Functional MRI of the spinal cord is challenging due to its small size and deep anatomical location. Increasing field strength enhances BOLD signal and improves SNR, but B0 distortions produced by the lungs and vertebral column are amplified, presenting additional challenges in protocol optimization. Barry et al. have successfully performed resting-state fMRI at 7T; here, we present observations of robust, well-localized motor task activation in the human cervical spinal cord at 7T. We assessed single-shot and multi-shot EPI at two different resolutions. Multi-shot EPI achieved finer resolution and less spatial distortion in this preliminary 7T spinal cord task fMRI study.
Data were acquired in the cervical spinal cord (C4-C7 vertebral levels) of a healthy volunteer using a 7T whole-body MRI system (Magnetom, Siemens, Erlangen, Germany) and a volume-transmit, 16-channel receive cervical spine RF coil (Quality Electrodynamics, Mayfield Village, OH, USA). Three gradient-echo EPI protocols (single-shot 0.75mm resolution, and 4-shot 0.75mm/0.60mm resolution) were assessed; parameters are tabulated in Figure 1. Pulse-oximeter and respiratory traces were simultaneously acquired. Multi-shot reconstruction included a navigator-based per-shot frequency offset demodulation to mitigate respiratory field variations.
For each 6min 30s experiment, the subject performed 12 blocks of 20s rest and 10s task (tapping the thumb and first three fingers of the left hand at 3Hz), with a terminal 20s rest period. This task was expected to produce sensory activation in the ipsilateral dorsal horn at the neurological C6-C7 (vertebral C5-C6) level, and motor activation in the ipsilateral ventral horn at the neurological C7-C8 (vertebral C6-C7) level.
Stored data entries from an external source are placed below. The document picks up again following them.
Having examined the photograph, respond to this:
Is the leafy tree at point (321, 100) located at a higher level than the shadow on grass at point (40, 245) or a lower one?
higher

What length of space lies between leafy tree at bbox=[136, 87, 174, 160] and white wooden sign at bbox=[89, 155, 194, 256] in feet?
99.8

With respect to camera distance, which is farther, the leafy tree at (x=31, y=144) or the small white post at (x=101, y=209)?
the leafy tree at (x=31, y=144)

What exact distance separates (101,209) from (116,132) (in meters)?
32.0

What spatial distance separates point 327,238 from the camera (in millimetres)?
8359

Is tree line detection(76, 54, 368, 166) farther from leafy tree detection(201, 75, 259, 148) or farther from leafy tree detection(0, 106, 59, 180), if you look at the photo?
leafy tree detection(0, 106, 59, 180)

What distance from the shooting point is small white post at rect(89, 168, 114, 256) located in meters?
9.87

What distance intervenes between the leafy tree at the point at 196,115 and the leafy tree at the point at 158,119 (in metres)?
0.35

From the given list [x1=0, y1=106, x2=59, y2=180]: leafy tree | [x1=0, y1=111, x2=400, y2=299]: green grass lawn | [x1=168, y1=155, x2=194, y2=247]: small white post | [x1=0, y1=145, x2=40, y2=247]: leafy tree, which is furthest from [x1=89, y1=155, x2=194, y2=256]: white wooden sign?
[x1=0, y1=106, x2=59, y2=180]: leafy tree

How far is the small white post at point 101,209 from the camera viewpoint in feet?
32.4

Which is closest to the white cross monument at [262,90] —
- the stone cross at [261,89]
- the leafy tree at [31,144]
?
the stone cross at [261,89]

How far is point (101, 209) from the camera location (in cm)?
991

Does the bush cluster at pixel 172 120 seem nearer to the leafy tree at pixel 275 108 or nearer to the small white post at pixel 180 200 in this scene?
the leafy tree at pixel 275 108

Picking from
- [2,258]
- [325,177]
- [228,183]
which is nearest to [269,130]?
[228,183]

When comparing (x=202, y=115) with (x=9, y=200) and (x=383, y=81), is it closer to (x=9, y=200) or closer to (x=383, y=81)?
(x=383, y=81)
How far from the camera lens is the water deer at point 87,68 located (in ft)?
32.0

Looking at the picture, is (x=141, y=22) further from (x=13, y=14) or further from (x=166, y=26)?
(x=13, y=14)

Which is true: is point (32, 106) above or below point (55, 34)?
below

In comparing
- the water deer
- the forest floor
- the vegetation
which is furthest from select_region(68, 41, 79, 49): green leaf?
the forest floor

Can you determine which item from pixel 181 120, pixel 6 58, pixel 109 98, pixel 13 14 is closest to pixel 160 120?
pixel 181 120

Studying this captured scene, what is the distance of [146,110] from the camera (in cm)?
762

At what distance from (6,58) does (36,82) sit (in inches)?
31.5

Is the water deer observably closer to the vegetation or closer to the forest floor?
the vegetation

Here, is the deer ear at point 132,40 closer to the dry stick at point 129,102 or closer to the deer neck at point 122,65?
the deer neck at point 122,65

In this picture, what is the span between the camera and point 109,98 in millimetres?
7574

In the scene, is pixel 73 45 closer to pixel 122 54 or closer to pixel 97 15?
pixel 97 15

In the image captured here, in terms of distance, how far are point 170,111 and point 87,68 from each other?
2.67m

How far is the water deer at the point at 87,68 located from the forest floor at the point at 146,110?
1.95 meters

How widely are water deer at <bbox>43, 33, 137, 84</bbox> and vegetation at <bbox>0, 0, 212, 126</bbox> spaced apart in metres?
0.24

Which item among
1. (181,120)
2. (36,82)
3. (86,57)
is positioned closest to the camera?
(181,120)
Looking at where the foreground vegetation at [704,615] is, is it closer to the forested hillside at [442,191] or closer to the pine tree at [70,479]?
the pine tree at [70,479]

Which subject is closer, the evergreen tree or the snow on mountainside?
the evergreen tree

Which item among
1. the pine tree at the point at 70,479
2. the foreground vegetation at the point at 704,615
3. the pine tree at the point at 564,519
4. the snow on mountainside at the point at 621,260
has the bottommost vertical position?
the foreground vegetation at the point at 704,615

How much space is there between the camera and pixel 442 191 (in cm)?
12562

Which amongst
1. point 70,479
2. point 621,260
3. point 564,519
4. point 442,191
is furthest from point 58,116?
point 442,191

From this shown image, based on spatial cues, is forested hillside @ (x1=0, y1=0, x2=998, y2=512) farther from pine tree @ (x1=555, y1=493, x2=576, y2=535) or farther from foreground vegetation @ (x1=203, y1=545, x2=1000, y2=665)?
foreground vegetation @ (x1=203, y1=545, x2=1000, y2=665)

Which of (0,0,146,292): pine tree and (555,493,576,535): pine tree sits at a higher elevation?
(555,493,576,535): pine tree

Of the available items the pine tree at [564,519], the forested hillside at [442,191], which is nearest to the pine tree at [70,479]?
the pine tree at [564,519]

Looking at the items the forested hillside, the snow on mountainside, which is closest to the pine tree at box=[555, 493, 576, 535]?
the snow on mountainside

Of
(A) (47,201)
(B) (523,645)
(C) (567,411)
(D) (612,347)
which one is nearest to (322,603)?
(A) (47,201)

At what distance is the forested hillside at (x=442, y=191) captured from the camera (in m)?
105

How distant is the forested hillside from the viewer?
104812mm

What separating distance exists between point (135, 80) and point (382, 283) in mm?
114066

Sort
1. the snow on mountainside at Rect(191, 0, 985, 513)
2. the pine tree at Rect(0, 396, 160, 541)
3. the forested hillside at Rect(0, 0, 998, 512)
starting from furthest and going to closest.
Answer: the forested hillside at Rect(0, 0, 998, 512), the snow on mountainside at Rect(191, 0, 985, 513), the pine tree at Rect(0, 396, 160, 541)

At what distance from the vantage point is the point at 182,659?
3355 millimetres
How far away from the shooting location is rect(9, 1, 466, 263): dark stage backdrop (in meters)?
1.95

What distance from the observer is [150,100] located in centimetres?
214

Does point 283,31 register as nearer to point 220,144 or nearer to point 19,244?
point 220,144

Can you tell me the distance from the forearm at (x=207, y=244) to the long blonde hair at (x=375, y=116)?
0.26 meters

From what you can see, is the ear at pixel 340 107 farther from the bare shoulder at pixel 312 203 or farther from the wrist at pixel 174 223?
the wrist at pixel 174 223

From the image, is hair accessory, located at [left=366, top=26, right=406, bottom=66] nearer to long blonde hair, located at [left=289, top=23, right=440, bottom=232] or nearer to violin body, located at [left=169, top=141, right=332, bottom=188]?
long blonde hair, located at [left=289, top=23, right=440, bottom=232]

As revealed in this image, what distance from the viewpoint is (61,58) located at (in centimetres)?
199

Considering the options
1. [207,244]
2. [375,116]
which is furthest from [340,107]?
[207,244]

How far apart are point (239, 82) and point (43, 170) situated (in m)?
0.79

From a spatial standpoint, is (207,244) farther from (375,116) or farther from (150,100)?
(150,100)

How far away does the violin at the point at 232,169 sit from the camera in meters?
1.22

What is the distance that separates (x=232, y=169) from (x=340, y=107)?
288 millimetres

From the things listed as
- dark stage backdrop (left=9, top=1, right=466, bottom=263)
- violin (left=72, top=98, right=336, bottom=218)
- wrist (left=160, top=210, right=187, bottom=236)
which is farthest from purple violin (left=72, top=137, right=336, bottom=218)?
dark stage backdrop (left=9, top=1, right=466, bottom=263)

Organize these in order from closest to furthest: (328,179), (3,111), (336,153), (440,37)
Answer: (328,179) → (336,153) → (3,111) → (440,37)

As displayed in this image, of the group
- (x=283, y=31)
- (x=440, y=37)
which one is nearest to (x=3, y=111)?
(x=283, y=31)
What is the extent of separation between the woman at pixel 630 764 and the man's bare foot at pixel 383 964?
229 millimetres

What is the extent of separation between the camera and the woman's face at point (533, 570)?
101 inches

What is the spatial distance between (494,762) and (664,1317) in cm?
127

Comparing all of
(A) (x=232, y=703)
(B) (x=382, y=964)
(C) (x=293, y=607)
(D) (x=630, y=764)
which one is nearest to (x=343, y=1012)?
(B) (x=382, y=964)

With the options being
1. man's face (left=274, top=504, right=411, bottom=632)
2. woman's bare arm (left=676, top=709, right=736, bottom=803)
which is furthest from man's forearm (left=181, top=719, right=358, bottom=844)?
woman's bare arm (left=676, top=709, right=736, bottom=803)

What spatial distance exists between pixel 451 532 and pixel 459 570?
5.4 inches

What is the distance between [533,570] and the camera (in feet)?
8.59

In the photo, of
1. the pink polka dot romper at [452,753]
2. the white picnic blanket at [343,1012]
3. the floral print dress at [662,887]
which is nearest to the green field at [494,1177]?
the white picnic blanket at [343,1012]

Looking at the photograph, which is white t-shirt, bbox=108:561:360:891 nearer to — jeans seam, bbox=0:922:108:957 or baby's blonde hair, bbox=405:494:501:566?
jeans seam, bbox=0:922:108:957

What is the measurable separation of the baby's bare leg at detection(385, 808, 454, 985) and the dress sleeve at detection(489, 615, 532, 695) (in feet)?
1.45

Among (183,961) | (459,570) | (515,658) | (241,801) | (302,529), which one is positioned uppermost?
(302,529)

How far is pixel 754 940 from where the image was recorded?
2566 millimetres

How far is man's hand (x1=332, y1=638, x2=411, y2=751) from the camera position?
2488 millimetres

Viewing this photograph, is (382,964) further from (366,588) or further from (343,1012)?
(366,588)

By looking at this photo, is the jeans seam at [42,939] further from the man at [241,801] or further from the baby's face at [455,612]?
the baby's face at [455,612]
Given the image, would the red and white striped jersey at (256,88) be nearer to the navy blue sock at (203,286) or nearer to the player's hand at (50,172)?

Four-dimensional image series were motion-corrected slicewise (x- and y-translation) using FSL FLIRT [7], and temporal SNR (tSNR) was calculated voxelwise as the temporal mean divided by temporal standard deviation. GLM analysis was performed within a mask of the spinal cord in FSL FEAT [8], incorporating a 37-term physiological noise model (8 cardiac, 8 respiratory, 16 interaction, heart rate, respiratory volume per time, CSF signal, and 2 motion correction terms) [9].
Temporal mean images with overlaid activation maps for all three protocols are shown in Figure 2. Motor activity is observed in the ipsilateral ventral horn at vertebral level C6 in all three datasets (Fig. 2a,c,e, green arrows), while sensory activity is visible in the ipsilateral dorsal horn at vertebral level C5 in the single-shot dataset only (Fig. 2a, cyan arrow).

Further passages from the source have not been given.